When Christmas came around, I hid the cookies as best I could so as few people would see them as possible. I needed to protect my aunts, uncles, and cousins from my unholy wrath. I could only hope that the guests who did have them got the cookies with no shells. The only witness to my grievous sin was my cousin Raroo, something he likes to tease me about whenever cooking is involved in a conversation. I love and hate you so much.
I found that I am much better suited in the kitchen as a severe health hazard than a chef. Despite this, my family has always been very supportive of my attempts, even if they end up sour, shelled, or any other potential mess up because there is one other aspect of Italian families that I didn’t mention… Endless love and acceptance, even if you don’t feel you deserve it.
Tanner Sullivan
Junior Communication Major
‘Twas the night before Christmas, amid the winter storm, I was getting ready for memories to be born. The snow had been frolicking outdoors for the whole day, going on its eighth hour, as the driveway became covered by a mattress of white flurries. As I marveled at the beauty of the environment, I sat in front of the fire in my warmest pajamas, while my golden retriever hopped on the couch for her third nap of the day. I basked at the fact that my most anticipated day of the year was almost among us. As I warmed up like a marshmallow in hot cocoa, I smelled a vibrancy from the kitchen: none other than my mother’s baking.

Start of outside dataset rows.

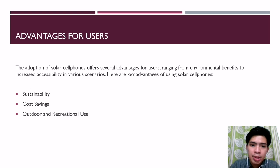The adoption of solar cell phones offers several advantages for users. First, sustainability: solar cell phones rely on renewable energy from the sun, contributing to a sustainable lifestyle by reducing dependence on non-renewable energy sources.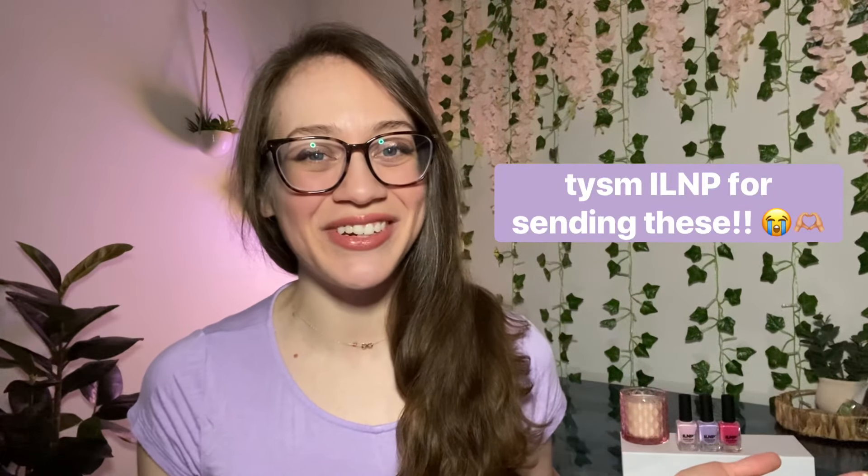Hey everyone, welcome to today's video. My name's Stephanie and today I'm gonna be sharing IL&P's Lovestruck collection. This little trio is inspired by the different expressions of love and all the different stages in that journey. These are all cream finishes, part of the new studio color line that features those gorgeous paddle brushes. I'll save some more of my thoughts at the end after comparisons — for now, let's just get into the swatches.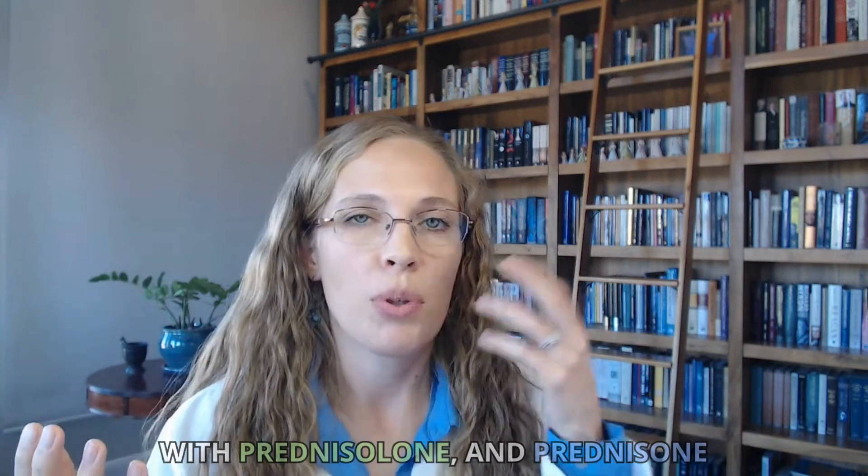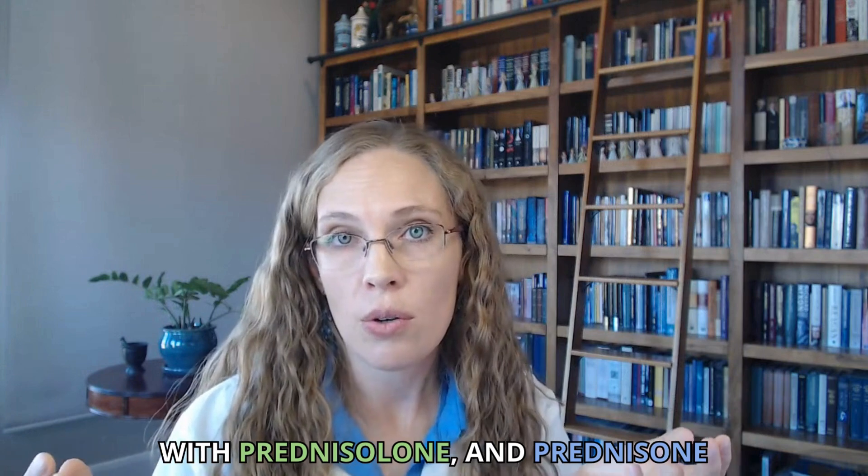Will I have the same side effects with prednisolone, prednisone, and dexamethasone? That's what one prednisone warrior asked me. I'm going to read the exact question, give my response, and make sure you know this is not medical advice — just general information about prednisone and these other steroids.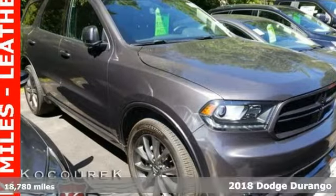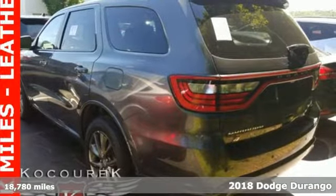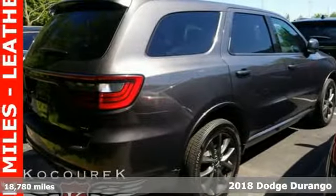Here's a 2018 Dodge Durango. With incredible power, space and safety, adventures spring to life with the all-in Durango.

Every holiday, she always bakes a barrage of different cookies for our extended family. She makes so many that they often last us until Easter. While wafting in the beauty of the aroma of cinnamon and citrus from her latest batch, I decided that I wanted to do something different that Christmas: I wanted to bake something myself. I had been my mother’s sous chef on multiple occasions, but I wanted to build on my skills.
However, this raised the question of what exactly I would bake, especially with my lack of experience in baking on my own. Suddenly, a light bulb illuminated. I thought to myself, I could make the same treats that I always gifted Santa with before he flew off on his sleigh: the classic chocolate chip cookie. This simple-yet-effective treat had been a mainstay in my house for as long as I can remember and was a favorite of my father. With the man in the red suit coming to visit in a few hours, I wanted to be prepared. Once my mother called a break, I hopped into the kitchen, grabbed a whisk and bowl, and got to work. After gathering all the ingredients and noticing a recipe on the bag of chocolate chips, I got to work.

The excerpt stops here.